5.16 Power Line Interference
Power line filters can keep some of the common-mode and differential interference from entering the hardware. In most cases, available filters do not function well below a few megahertz. The filtering reference conductor is usually the equipment grounding conductor that carries filter current back to the service entrance. If the equipment grounding path is inductive (long) then the filter cannot be effective. It is important to note that even with a good filter installation, some of the equipment ground current uses the racks, the signal conductors, and the cables that interconnect hardware to return to the service entrance. These currents represent field energy in the facility.
In a single phase power service, the neutral or grounded power conductor carries power currents for all the loads on a feeder and its branch circuits. This means that this conductor is not at the same potential as the equipment grounding conductor, which does not carry load current. The voltage impressed across a power transformer primary has some common-mode content caused by this neutral voltage drop. The content depends on the attenuation provided by the line filter. Filtering effectivity depends on whether every power conductor is filtered and how the filters are installed.
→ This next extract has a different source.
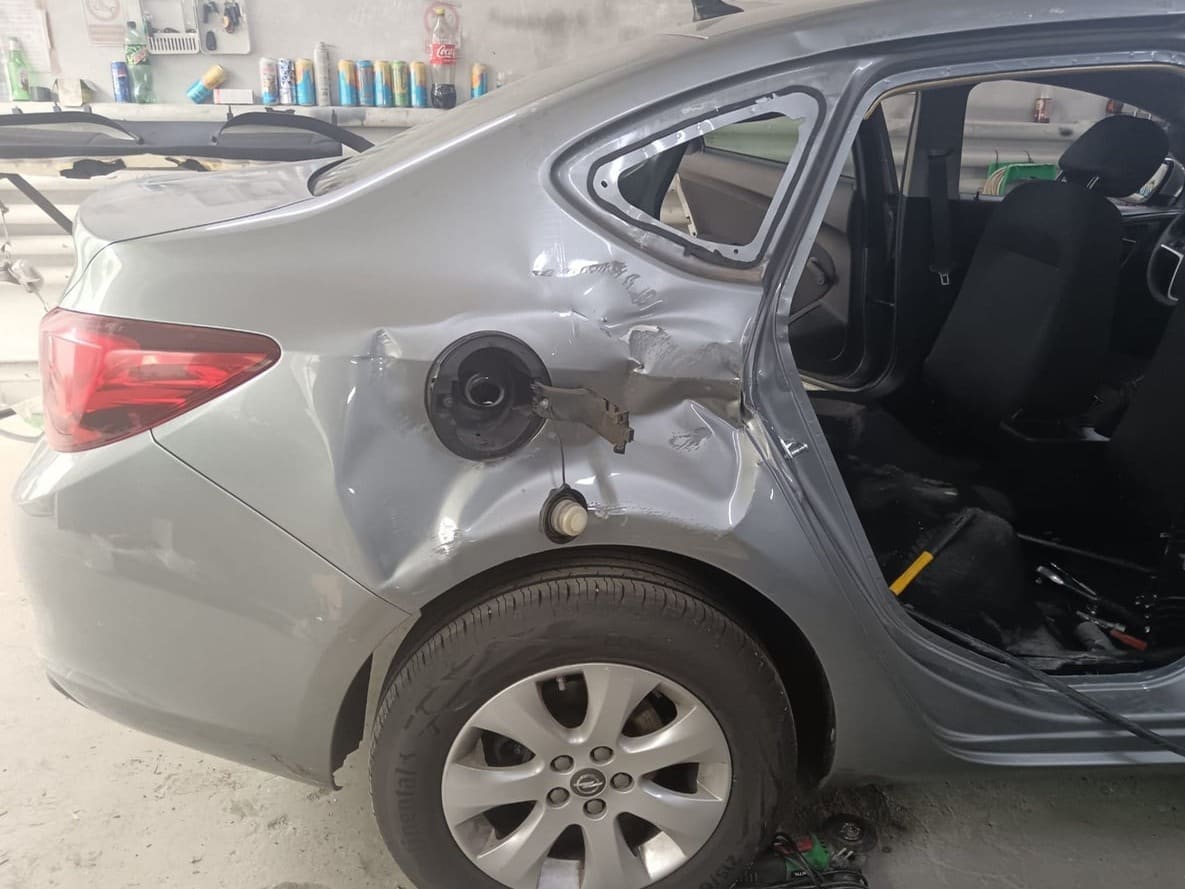 Opel Astra sedan gri cu aripa din spate lovită și ușa demontată, înainte de reparație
If there is a power transformer, there is a capacitance from turns on the primary coils to the secondary coils. Common-mode interference on the primary coil will flow through this capacitance to the circuits on the secondaries. The paths involve all conductors that connect to circuit common. This means that there is interference current flowing on signal commons that exit the hardware and any equipment ground connections. These signal commons are often shields or conductors in a ribbon cable.
It is against the code to place any component in series with the equipment grounding conductor. This includes filter inductors. If this component should open circuit then the fault path is broken, creating a hazardous condition. The equipment grounding conductor must connect to the conducting hardware framework. If the connection is made to an inside surface then fields carried on the conductor can directly radiate into the hardware. The right way to terminate the equipment ground on hardware is on an external conducting surface.
It is difficult to build switching circuits without generating some radiated field. This field can couple to power leads and exit the hardware even if there are line filters. In hardware that uses DC/DC converters, the fields that couple out on the power line can be a serious problem. These converters involve semiconductor switches that have short rise times. The currents that flow in a few picofarads of parasitic capacitance can be hundreds of milliamperes. This current can be reduced by careful construction inside the converter transformers and by the proper placement of converter filters. In large systems, there can be hundreds of these converters in operation, all switching at different frequencies. The result can be a very noisy facility.
Large motors often use speed or torque controllers that switch power in mid cycle. This switching can create interference on the power conductors. This can be troublesome, if this same power enters other electronic hardware. The fields resulting from this switching can radiate and leave the conductors. These fields cause surface currents on all nearby conductors and can enter hardware on shields and signal conductors. Fluorescent lamps create fields that can propagate on all nearby conductors. These currents can also enter hardware on signal cables and on power conductors.